__WORK ITEM__: Among the records below, find the line that has "Pandora Moments Disney"; from there, give the lines again exactly, and stop after the line that has "Top Outer LCD".

(Dataset items)
------------------------------
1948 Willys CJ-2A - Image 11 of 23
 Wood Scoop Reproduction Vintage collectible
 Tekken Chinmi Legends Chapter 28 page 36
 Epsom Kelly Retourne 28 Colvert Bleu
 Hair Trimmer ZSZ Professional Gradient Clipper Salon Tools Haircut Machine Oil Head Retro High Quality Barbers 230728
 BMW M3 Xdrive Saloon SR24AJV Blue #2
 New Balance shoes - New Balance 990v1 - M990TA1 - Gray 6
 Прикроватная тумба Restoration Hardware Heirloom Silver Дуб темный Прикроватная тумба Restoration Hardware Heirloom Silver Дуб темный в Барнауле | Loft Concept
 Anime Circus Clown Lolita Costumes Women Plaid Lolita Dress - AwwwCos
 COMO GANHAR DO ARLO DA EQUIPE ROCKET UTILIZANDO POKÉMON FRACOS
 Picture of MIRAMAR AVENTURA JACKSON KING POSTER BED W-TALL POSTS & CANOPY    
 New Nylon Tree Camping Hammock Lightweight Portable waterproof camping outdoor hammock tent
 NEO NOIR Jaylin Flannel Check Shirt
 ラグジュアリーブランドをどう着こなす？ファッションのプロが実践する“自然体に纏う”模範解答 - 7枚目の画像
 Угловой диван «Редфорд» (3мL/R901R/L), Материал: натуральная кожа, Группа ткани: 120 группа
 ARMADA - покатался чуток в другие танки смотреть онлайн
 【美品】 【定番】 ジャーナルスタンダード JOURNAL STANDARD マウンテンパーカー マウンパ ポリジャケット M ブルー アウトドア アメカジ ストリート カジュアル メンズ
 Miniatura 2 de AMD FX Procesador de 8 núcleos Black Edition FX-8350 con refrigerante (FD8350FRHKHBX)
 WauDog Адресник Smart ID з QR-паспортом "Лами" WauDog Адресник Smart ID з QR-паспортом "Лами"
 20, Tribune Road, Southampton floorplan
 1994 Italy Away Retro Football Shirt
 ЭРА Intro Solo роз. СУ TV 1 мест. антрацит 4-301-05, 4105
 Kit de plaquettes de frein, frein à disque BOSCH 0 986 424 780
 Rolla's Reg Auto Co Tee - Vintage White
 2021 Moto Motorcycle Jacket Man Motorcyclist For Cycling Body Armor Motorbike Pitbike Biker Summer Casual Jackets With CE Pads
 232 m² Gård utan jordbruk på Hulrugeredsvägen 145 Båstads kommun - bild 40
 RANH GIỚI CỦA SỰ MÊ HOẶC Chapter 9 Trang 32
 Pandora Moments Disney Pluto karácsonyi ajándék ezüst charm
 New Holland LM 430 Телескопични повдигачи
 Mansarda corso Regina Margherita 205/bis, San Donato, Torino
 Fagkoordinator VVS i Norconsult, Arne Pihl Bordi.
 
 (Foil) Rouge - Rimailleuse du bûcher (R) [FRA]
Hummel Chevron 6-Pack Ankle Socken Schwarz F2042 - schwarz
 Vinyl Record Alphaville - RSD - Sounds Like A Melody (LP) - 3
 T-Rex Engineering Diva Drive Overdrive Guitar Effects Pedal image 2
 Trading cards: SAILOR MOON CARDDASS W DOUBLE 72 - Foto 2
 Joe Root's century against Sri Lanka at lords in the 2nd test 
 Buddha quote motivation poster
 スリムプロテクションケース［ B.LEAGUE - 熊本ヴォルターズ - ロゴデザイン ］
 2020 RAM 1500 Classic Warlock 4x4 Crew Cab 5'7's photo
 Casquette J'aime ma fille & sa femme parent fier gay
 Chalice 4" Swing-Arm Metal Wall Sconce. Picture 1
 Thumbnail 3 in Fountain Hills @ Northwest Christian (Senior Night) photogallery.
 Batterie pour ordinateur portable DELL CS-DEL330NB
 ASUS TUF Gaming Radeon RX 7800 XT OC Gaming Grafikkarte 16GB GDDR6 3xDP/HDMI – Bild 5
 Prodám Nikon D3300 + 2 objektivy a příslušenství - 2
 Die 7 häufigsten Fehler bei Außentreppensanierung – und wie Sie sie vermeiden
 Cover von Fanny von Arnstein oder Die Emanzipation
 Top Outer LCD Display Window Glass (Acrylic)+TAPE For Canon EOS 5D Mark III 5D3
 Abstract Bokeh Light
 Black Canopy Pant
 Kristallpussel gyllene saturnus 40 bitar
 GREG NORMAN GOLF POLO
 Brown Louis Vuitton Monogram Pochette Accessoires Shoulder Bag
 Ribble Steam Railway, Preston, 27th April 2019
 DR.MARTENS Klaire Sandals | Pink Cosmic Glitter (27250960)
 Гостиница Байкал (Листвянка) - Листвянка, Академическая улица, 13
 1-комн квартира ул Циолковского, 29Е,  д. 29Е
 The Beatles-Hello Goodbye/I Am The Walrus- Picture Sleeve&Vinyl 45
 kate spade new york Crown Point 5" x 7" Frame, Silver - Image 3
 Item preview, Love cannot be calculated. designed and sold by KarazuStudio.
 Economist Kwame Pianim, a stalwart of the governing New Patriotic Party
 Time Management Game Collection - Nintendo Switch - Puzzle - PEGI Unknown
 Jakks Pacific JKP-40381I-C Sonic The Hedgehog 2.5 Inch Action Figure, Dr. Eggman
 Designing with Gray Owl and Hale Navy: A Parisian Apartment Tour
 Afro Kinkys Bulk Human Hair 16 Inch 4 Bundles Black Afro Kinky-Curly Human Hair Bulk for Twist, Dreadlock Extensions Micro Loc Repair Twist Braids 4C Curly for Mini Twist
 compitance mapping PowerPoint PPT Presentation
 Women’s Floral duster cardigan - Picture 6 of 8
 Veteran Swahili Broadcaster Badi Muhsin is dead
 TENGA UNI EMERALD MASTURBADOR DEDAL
------------------------------
__OUTPUT OF THE EXERCISE__:
 Pandora Moments Disney Pluto karácsonyi ajándék ezüst charm
 New Holland LM 430 Телескопични повдигачи
 Mansarda corso Regina Margherita 205/bis, San Donato, Torino
 Fagkoordinator VVS i Norconsult, Arne Pihl Bordi.
 
 (Foil) Rouge - Rimailleuse du bûcher (R) [FRA]
Hummel Chevron 6-Pack Ankle Socken Schwarz F2042 - schwarz
 Vinyl Record Alphaville - RSD - Sounds Like A Melody (LP) - 3
 T-Rex Engineering Diva Drive Overdrive Guitar Effects Pedal image 2
 Trading cards: SAILOR MOON CARDDASS W DOUBLE 72 - Foto 2
 Joe Root's century against Sri Lanka at lords in the 2nd test 
 Buddha quote motivation poster
 スリムプロテクションケース［ B.LEAGUE - 熊本ヴォルターズ - ロゴデザイン ］
 2020 RAM 1500 Classic Warlock 4x4 Crew Cab 5'7's photo
 Casquette J'aime ma fille & sa femme parent fier gay
 Chalice 4" Swing-Arm Metal Wall Sconce. Picture 1
 Thumbnail 3 in Fountain Hills @ Northwest Christian (Senior Night) photogallery.
 Batterie pour ordinateur portable DELL CS-DEL330NB
 ASUS TUF Gaming Radeon RX 7800 XT OC Gaming Grafikkarte 16GB GDDR6 3xDP/HDMI – Bild 5
 Prodám Nikon D3300 + 2 objektivy a příslušenství - 2
 Die 7 häufigsten Fehler bei Außentreppensanierung – und wie Sie sie vermeiden
 Cover von Fanny von Arnstein oder Die Emanzipation
 Top Outer LCD Display Window Glass (Acrylic)+TAPE For Canon EOS 5D Mark III 5D3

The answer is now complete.